Der frühere finnische Ausnahme-Skispringer Matti Nykänen ist tot. Der viermalige Olympiasieger starb im Alter von 55 Jahren, wie die Sportabteilung des finnischen Ministeriums für Bildung und Kultur bestätigte. Zuvor hatte das finnische Magazin "Seiska" darüber berichtet. Dem Magazin zufolge starb Nykänen in der Nacht zum Montag. Der ehemalige Sportler sei seit einiger Zeit krank gewesen, sagte der Chef des Finnischen Skisprungverbandes Mika Kulmala der Deutschen Presse-Agentur.

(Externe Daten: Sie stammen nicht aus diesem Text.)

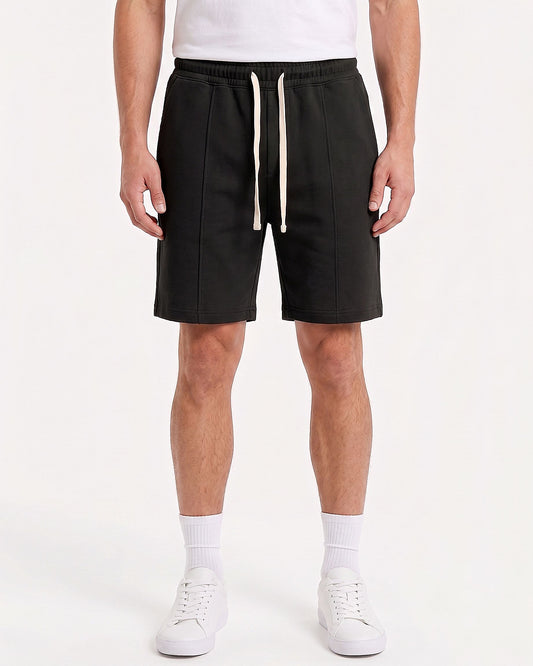 Men's Fashion Shorts
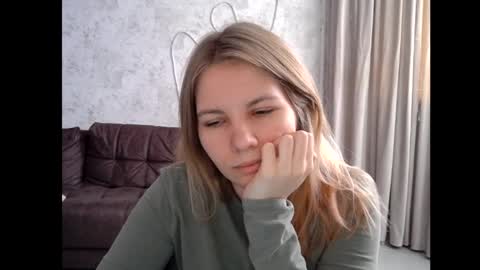 69Riley Reid69 online show from 11.05.25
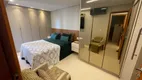 Foto 14 de Apartamento com 3 Quartos à venda, 112m² em Nova Suica, Goiânia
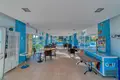 Penthouse 5 pokojów 250 m² Tosmur, Turcja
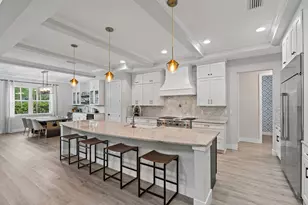 12216 175th Rd N, Jupiter, FL 33478 - Photo 15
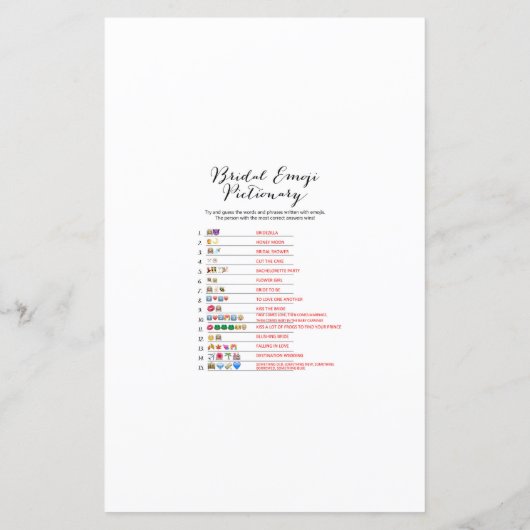 Vrijgezellenfeest van de Bourgogne (Achterkant)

Matti Nykänen einer der größten Skispringer aller Zeiten

Nykänen zählt zu den größten Skispringern aller Zeiten. Bei Olympia in Sarajewo 1984 und Calgary 1988 gewann er insgesamt viermal Gold und einmal Silber. Viermal holte er sich den Gesamt-Weltcup - das schaffte bislang sonst nur der Pole Adam Malysz. Die Vierschanzentournee gewann er zweimal. In Finnland wurde er 1985 und 1988 zum Sportler des Jahres gewählt. Den ersten seiner 46 Weltcup-Siege sicherte er sich am 30. Dezember 1981 in Oberstdorf, seinen letzten am 1. Januar 1989 in Garmisch-Partenkirchen.